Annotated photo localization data
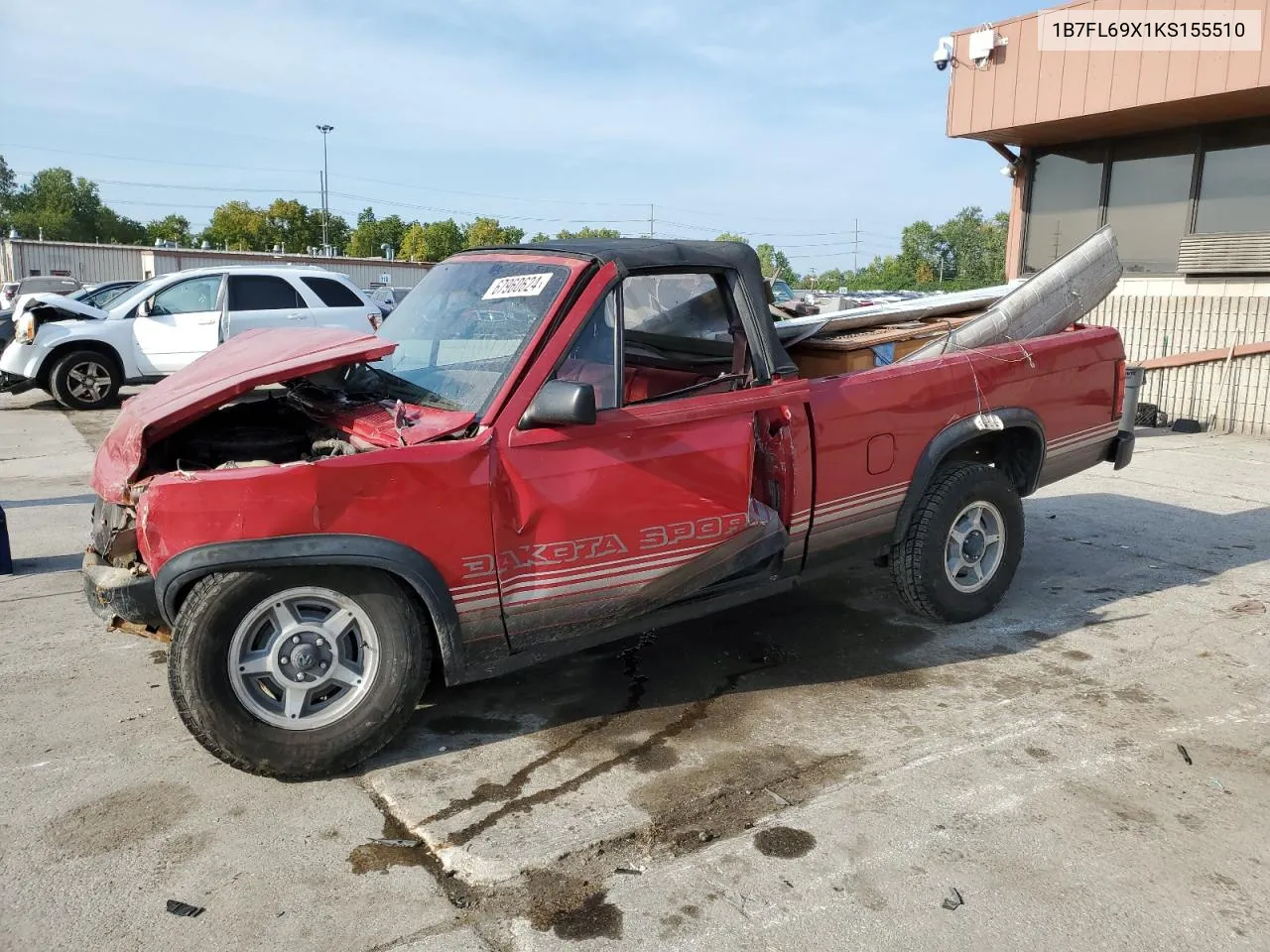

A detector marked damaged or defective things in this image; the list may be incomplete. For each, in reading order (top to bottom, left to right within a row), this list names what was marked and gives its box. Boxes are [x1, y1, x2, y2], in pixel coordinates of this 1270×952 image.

crumpled hood [15, 294, 107, 323]
damaged white car [2, 264, 385, 409]
crumpled hood [91, 327, 397, 502]
broken windshield [373, 256, 572, 413]
damaged red truck [79, 240, 1135, 781]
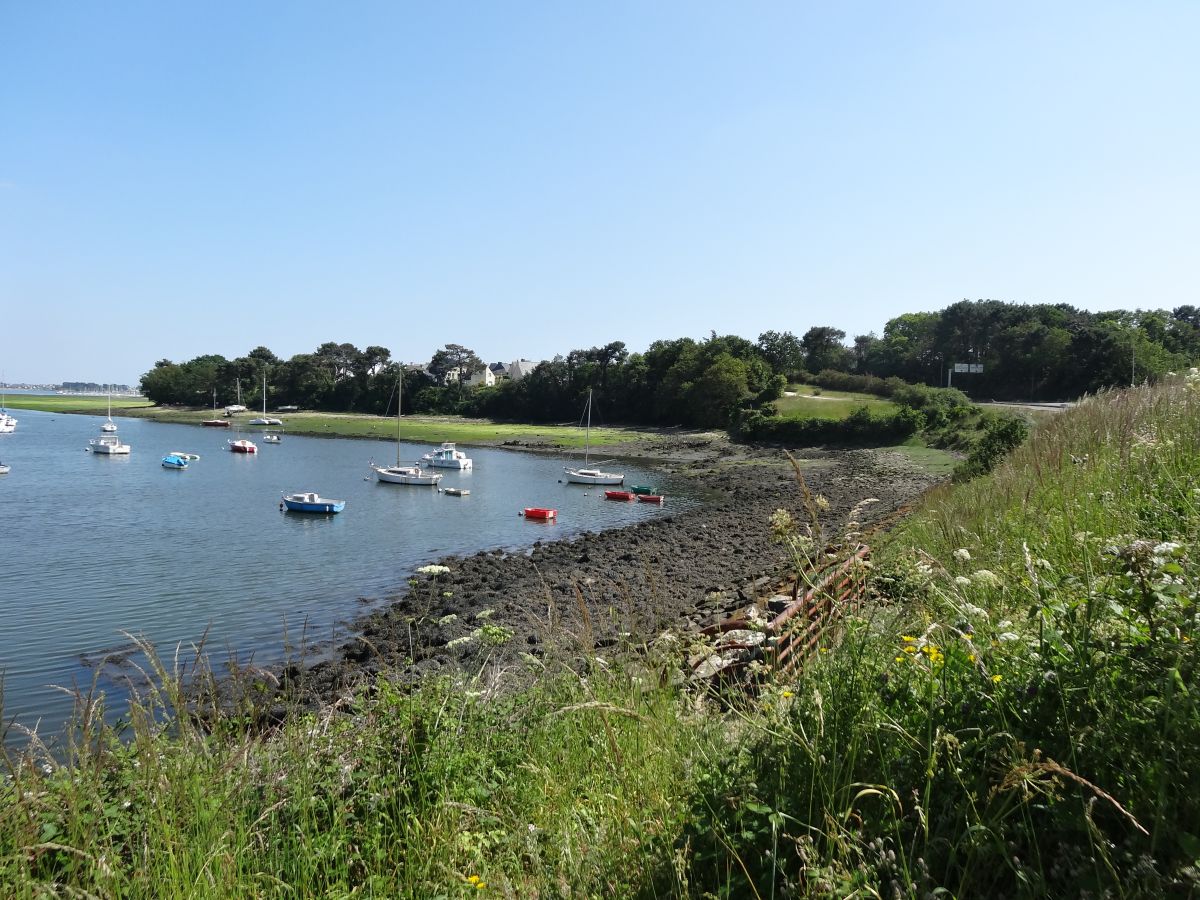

= TASK DESCRIPTION =
What is needed is every entry written out word for word, with no pictures.

= ANSWER SPACE =
A detector marked damaged or defective things in this image; the list may be incomplete. For each, in reading order (top to bottom, left to right within a row), this list names what was marked and gives its box. Boxes are [x1, y1, x2, y2], in pixel coordinates of this 1270×952 image.

crumpled hood [15, 294, 107, 323]
damaged white car [2, 264, 385, 409]
crumpled hood [91, 327, 397, 502]
broken windshield [373, 256, 572, 413]
damaged red truck [79, 240, 1135, 781]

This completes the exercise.